[Records from a dataset]

"""

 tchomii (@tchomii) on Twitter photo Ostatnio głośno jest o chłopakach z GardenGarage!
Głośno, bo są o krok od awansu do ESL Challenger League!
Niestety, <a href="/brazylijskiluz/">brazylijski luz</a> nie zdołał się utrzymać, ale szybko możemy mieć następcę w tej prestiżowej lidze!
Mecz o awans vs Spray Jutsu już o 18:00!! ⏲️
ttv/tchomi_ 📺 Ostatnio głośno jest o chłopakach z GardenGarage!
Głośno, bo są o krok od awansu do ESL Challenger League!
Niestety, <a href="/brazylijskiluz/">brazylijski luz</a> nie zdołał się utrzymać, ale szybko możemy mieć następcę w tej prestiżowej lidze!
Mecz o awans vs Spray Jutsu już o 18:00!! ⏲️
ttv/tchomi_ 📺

"""

Could you copy exactly the lines from the one containing "ttv/tchomi_ 📺 Ostatnio" through the end of the records above, and nothing more?

• _Exercise output_:
ttv/tchomi_ 📺 Ostatnio głośno jest o chłopakach z GardenGarage!
Głośno, bo są o krok od awansu do ESL Challenger League!
Niestety, <a href="/brazylijskiluz/">brazylijski luz</a> nie zdołał się utrzymać, ale szybko możemy mieć następcę w tej prestiżowej lidze!
Mecz o awans vs Spray Jutsu już o 18:00!! ⏲️
ttv/tchomi_ 📺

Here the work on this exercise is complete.